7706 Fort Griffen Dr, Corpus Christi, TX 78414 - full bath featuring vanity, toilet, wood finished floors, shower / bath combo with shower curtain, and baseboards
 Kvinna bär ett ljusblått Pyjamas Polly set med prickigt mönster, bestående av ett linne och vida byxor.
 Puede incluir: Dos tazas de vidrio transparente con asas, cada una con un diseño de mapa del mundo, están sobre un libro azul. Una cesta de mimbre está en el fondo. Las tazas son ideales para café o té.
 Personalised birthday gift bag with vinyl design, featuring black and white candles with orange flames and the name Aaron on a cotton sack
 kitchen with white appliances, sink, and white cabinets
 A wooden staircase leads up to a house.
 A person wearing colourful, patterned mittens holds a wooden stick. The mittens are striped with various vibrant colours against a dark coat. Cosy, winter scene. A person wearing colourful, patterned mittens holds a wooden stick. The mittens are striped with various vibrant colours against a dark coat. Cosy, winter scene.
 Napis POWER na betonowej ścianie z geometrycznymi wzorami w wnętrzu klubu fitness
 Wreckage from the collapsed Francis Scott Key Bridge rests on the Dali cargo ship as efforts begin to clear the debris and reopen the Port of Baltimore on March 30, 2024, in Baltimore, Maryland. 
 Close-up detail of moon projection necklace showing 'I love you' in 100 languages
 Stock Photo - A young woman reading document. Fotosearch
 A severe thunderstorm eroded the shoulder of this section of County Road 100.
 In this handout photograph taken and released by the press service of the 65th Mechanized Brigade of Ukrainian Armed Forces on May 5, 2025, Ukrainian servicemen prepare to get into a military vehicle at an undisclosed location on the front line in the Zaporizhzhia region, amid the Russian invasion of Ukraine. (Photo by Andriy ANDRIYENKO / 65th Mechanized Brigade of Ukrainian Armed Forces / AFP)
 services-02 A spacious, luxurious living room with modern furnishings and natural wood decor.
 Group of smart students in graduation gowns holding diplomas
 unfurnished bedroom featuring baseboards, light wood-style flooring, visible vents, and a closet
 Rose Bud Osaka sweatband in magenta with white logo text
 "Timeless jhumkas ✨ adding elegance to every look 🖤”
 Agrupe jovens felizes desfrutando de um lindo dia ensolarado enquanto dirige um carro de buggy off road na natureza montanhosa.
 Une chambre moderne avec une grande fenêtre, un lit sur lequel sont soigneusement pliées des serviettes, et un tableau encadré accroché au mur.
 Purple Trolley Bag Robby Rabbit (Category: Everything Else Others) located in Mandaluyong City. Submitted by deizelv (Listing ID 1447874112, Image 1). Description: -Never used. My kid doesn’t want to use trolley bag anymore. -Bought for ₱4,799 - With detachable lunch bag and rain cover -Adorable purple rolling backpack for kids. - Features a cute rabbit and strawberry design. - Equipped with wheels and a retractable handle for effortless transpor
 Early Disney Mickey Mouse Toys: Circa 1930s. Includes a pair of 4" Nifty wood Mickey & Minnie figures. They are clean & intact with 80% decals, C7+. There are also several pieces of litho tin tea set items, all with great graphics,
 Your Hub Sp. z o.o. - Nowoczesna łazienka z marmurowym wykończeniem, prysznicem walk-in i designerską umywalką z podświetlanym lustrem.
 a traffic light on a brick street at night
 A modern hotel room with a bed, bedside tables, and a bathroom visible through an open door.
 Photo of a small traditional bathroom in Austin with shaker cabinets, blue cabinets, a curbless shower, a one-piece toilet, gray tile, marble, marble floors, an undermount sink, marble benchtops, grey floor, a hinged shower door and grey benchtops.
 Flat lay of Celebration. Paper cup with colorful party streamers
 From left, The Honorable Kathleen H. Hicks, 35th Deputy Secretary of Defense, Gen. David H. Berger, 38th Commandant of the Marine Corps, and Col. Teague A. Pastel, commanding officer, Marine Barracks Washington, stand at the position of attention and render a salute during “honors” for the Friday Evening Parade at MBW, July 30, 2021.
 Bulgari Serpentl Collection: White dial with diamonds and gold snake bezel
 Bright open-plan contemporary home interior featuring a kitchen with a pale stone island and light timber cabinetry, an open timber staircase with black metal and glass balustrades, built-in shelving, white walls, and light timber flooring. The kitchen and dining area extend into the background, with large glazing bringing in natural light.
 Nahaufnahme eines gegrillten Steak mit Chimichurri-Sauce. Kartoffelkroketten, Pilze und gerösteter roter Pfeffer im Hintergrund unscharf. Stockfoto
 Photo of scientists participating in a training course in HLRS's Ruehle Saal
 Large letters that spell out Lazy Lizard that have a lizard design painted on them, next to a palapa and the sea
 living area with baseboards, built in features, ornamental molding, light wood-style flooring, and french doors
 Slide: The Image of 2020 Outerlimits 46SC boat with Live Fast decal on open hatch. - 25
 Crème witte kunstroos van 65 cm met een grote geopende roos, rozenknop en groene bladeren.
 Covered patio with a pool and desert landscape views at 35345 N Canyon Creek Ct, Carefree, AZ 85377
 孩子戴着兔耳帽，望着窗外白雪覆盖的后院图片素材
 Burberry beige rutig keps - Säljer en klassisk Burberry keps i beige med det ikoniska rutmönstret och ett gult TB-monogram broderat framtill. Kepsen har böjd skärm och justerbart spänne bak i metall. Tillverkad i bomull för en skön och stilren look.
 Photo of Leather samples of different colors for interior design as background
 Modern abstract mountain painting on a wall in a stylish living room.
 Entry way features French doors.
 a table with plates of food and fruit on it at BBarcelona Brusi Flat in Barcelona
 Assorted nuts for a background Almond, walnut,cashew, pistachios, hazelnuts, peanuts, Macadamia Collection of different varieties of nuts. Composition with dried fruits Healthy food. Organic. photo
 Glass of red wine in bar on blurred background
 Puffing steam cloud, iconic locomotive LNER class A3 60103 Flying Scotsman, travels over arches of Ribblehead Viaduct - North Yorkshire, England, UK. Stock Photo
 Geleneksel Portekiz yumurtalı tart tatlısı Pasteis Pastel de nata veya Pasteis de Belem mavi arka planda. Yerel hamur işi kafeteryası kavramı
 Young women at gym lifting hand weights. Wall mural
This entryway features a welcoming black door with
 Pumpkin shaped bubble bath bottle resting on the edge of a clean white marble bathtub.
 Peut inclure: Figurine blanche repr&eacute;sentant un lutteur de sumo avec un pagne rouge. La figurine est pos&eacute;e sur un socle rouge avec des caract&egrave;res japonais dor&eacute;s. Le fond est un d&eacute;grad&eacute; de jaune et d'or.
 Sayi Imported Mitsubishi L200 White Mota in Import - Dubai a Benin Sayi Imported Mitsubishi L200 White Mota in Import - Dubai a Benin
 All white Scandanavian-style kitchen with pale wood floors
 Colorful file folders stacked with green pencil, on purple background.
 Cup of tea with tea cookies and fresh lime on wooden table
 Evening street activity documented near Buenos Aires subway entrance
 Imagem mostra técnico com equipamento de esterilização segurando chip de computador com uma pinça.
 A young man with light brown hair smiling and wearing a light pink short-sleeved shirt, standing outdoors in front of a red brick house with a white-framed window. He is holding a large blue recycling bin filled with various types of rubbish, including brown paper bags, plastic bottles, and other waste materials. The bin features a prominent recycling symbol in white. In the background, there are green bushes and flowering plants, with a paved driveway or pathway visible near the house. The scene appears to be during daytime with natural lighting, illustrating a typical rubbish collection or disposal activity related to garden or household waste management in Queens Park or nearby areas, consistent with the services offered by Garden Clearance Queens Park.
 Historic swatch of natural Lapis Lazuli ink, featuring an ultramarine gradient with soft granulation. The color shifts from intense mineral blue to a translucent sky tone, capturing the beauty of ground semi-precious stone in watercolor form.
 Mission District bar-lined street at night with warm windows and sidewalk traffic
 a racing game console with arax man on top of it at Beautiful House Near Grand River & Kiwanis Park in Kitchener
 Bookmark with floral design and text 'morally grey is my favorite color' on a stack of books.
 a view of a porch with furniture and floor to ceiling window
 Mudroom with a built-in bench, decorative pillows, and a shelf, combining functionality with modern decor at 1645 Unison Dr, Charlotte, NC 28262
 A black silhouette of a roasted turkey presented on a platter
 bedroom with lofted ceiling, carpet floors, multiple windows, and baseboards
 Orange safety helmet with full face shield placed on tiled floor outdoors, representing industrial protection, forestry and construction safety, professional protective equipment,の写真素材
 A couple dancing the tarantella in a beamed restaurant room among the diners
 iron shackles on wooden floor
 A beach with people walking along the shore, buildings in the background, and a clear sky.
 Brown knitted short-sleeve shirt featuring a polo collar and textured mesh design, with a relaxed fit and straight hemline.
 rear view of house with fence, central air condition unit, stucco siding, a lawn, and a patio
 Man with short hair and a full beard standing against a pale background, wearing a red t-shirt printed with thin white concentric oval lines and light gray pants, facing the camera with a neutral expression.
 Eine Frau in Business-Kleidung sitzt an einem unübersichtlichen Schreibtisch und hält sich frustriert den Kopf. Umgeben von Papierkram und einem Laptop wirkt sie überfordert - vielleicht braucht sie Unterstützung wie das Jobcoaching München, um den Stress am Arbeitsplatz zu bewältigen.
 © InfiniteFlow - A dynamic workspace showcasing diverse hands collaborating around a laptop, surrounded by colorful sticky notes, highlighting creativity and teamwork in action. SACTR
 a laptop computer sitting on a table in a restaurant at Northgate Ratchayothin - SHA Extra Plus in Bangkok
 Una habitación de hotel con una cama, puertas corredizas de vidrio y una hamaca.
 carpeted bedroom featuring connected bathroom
——
**Task to carry out:** Filter the records for lines holding the string "toilet". Copy each one.

**Solution to the exercise:**
7706 Fort Griffen Dr, Corpus Christi, TX 78414 - full bath featuring vanity, toilet, wood finished floors, shower / bath combo with shower curtain, and baseboards
 Photo of a small traditional bathroom in Austin with shaker cabinets, blue cabinets, a curbless shower, a one-piece toilet, gray tile, marble, marble floors, an undermount sink, marble benchtops, grey floor, a hinged shower door and grey benchtops.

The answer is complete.